Activity:
Starting at the line with "At the end of" and stopping at the final line, retype the data below exactly; do not carry over any pictures.

Available data:
------------------------------------
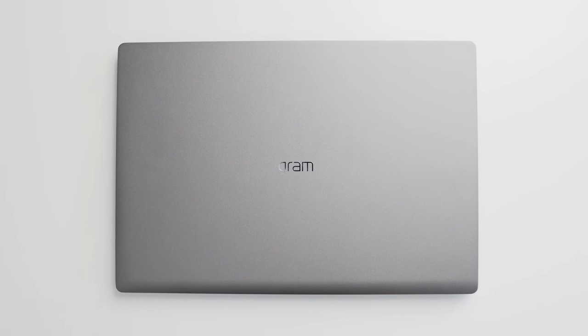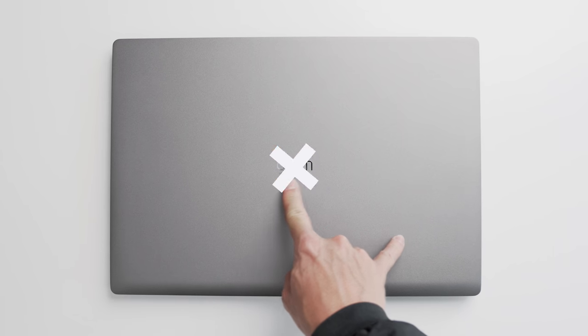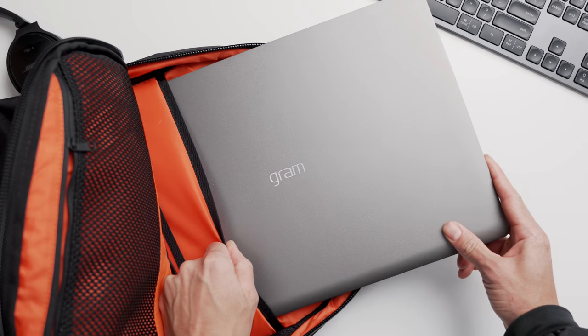It's the 17 inch LG Gram. I last saw the Gram earlier this year at CES and I typically change between that and my MacBook Pro, but the portability of the Gram is what's attracted me to use it right now.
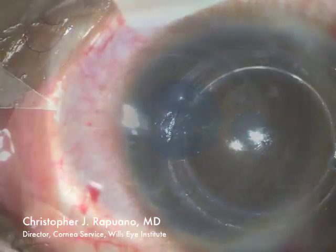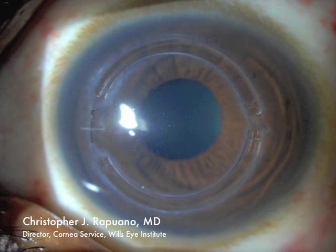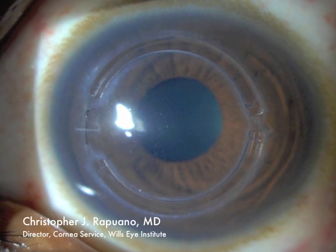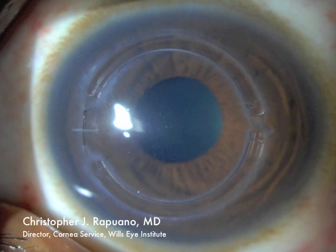At the end of surgery, the intacs look beautiful. Here is a post-operative day one photograph — nicely centered, well-placed intacs.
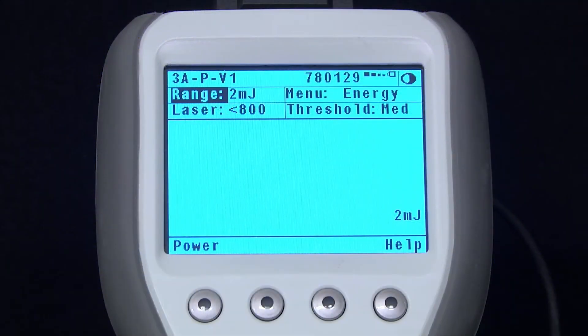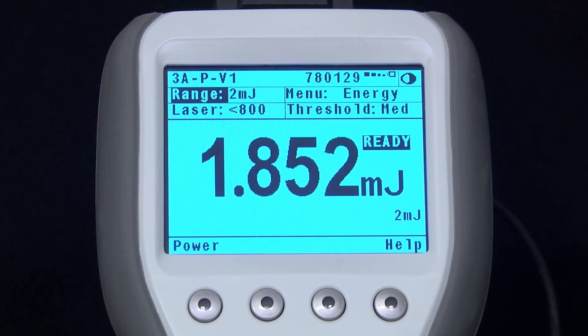Treating this short exposure as if it were a single pulse and measuring its energy gives us a way of using low or moderate power sensors to measure much higher powers, by measuring the energy of the pulse and dividing by the pulse width. Power is energy divided by time after all, but we can make it easier than that by having the meter do the math automatically.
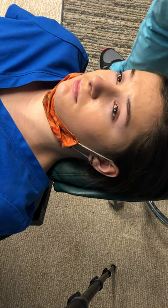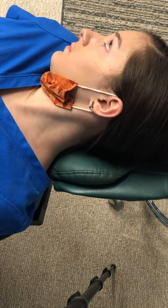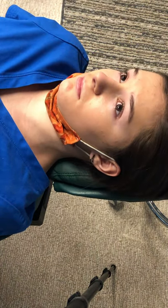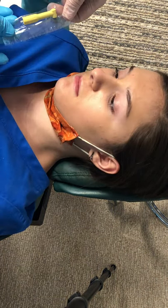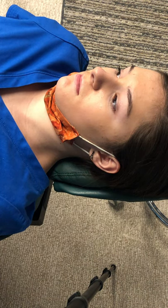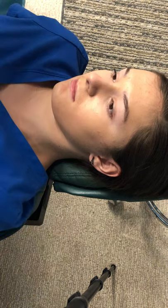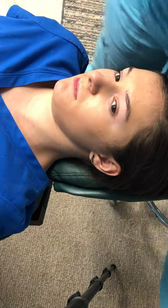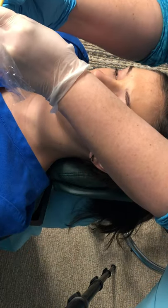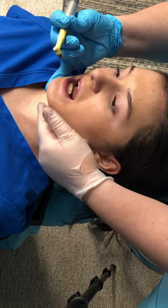The first thing we're going to do with our patient is clean her teeth before putting braces on. I have her prophy angle that I'm going to open in front of her so she knows it's clean and has not been used on anyone. I'm going to place it here and put the prophy paste on the prophy angle, then tip the chin up a little bit.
------------------------------------
Result:
At the end of surgery, the intacs look beautiful. Here is a post-operative day one photograph — nicely centered, well-placed intacs.
Treating this short exposure as if it were a single pulse and measuring its energy gives us a way of using low or moderate power sensors to measure much higher powers, by measuring the energy of the pulse and dividing by the pulse width. Power is energy divided by time after all, but we can make it easier than that by having the meter do the math automatically.
The first thing we're going to do with our patient is clean her teeth before putting braces on. I have her prophy angle that I'm going to open in front of her so she knows it's clean and has not been used on anyone. I'm going to place it here and put the prophy paste on the prophy angle, then tip the chin up a little bit.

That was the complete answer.